One should never have the open button holes cut until the sleeve length is exactly the length you wish. Shortening 1/2" from the shoulder can be done. Closing the bottom button hole would require reweaving the hole and would cost more than shortening from the top. Also, not all cloth can be successfully rewoven. If you are ordering from an off-shore source, have them ship the suit with out cutting the button holes. Ask for an allowance and have the button holes cut here!
Paul Winston
www.chipp2.com


----------



## PedanticTurkey (Jan 26, 2008)

Good advice from Mr. Winston. When I ordered my Chan suit in July (promised sometime this month!), I made sure to ask for no buttonholes on the sleeves.
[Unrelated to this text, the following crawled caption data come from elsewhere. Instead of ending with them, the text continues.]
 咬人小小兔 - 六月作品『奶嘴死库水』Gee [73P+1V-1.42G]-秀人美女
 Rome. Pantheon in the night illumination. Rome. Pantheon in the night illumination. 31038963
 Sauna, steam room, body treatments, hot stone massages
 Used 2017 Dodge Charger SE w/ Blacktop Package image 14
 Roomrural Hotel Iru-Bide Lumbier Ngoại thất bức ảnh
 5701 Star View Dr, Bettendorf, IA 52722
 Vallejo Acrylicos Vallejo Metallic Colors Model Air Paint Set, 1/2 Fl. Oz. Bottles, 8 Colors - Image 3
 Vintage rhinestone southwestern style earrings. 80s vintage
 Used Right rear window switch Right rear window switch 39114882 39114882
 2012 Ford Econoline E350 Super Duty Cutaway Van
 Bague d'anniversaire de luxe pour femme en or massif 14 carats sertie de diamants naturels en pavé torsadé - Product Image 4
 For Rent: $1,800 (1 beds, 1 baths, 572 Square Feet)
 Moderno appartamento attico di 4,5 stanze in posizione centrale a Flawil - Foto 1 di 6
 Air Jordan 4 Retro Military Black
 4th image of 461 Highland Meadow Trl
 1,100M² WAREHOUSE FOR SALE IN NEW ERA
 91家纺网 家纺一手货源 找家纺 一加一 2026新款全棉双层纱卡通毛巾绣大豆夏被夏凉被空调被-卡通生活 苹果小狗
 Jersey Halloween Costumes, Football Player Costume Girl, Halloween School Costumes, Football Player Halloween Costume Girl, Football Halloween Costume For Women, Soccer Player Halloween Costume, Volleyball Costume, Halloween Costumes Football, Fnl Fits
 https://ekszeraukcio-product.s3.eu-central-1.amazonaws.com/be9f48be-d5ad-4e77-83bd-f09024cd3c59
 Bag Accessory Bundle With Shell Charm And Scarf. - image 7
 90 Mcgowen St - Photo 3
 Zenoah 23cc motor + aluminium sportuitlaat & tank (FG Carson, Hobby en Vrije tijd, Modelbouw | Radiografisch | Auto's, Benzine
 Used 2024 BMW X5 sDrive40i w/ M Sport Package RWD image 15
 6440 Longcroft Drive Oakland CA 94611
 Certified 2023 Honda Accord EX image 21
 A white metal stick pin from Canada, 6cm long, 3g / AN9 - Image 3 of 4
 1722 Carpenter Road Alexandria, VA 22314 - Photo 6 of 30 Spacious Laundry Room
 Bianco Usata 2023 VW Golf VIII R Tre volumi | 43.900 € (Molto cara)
The tailor's response suggested to me that it was an unusual request.

I did however get him to promise to cut the sleeves if I decide to send the suit back for alterations.


----------



## WoolSilkCotton (Nov 15, 2005)

If the sleeves have 4 buttons on the cuff, your tailor could eliminate the furthest button, close the button hole (and, if done right, it will be virtually unnoticeable), and shorten the sleeve by 1/2". Bloomingdales did this for me on an off-the-rack Canali tuxedo.

Of note, when I buy a jacket or suit at Bergdorf-Goodman, and request functional buttons, the tailor will immediately measure and mark the sleeves, baste them up, and have me try it on to be sure the length is right. Only then will he accept the jacket for alteration.


----------